The Swiss company Firmenich (which I had never heard of until today) named Fig the ‘Flavour of the Year for 2018’. Turns out they are quite a substantial company, that ‘creates fragrances and flavors for the world’s most desirable brands delighting billions of consumers every day’. Who knew??? Founded in 1895, with more than 7,000 employees world-wide, 4 R&D centers around the world in Geneva, Princeton, Shanghai and Gujarat, 2,900 patents currently in place. It is the largest privately owned company in the fragrance and flavour industry.
Check them out here if you are curious like I am… I will have to go back and check out their successes in more detail. A heading of Citrus, Vanilla Seafood has intrigued me!
So.. based on the above – I am expecting big things out of Figs this year!! I always have dried figs on hand because they go so well in port and cream cheese balls, on a dessert platter with dried apricots and port, a compote of dried figs and apricots to go with port. (Did I mention how well they go with Port? Lol!) I will have to experiment more with fresh figs when they’re available.

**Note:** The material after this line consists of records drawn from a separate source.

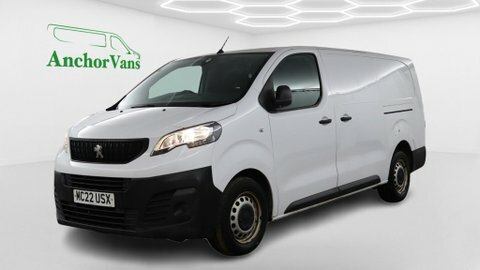 Peugeot Expert Xlwb L3h1 Low White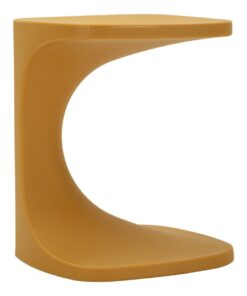 TAVOLINETTO IBIZA SENAPE CM 42X42X52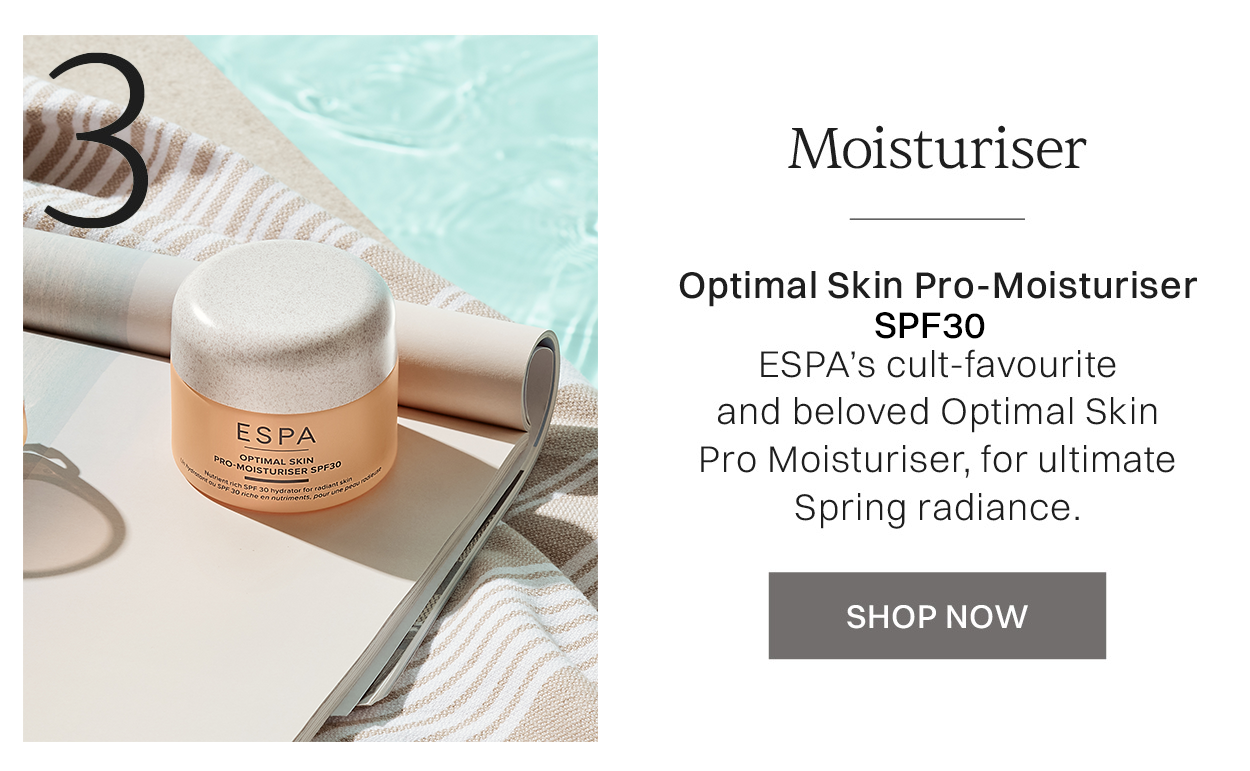 Optimal Skin Pro Moisturiser SPF 30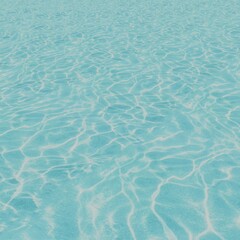 Abstract blue water background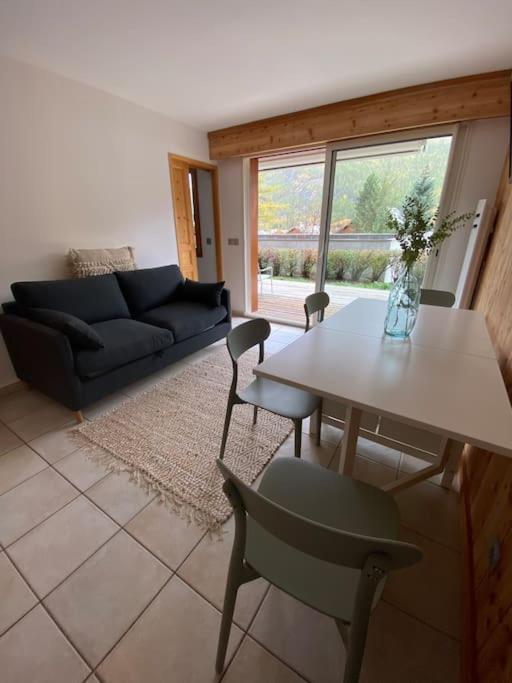 Appartement 4 Pers Grande Terrasse Vue Pistes Ski Saint-Chaffrey Exterior photo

In the meantime- this simple yet flavourful side can’t be easier to put together. I cooked real beets in my pressure cooker. Beets only take about 13 minutes to cook in a pressure cooker or Instant Pot. Check out my Pressure Cooker – Which One is Best? if you want to know about pressure cooking. But you can certainly use canned whole beets for this – just drain them well to remove as much liquid as possible.
You can serve these slightly warm or at room temperature. This is best to bring out the subtle flavour of the walnuts and walnut oil.
Walnut oil totally adds a touch of umami to this side so it worth looking for it if you can. Walnut oil is also so good for you! If you can’t find it use a neutral vegetable oil. Or you may be able to find hazelnut oil? I just would not recommend olive oil because it will compete with the other subtle flavours.
And guess what – they are MAKE AHEAD!! (which you know I love!) Store in the fridge up to a day ahead. Just let them come to room temperature or give them about 1 minute on low microwave setting to take the chill off before serving.
By the way – Napoleons are traditional French pastries with multiple layers – like a Mille Feuille with layers of pastry and whipped cream and icing. The term has been expropriated to refer to stacks of vegetables or other food items.
This makes a great side dish, winter or summer or an interesting appetizer course.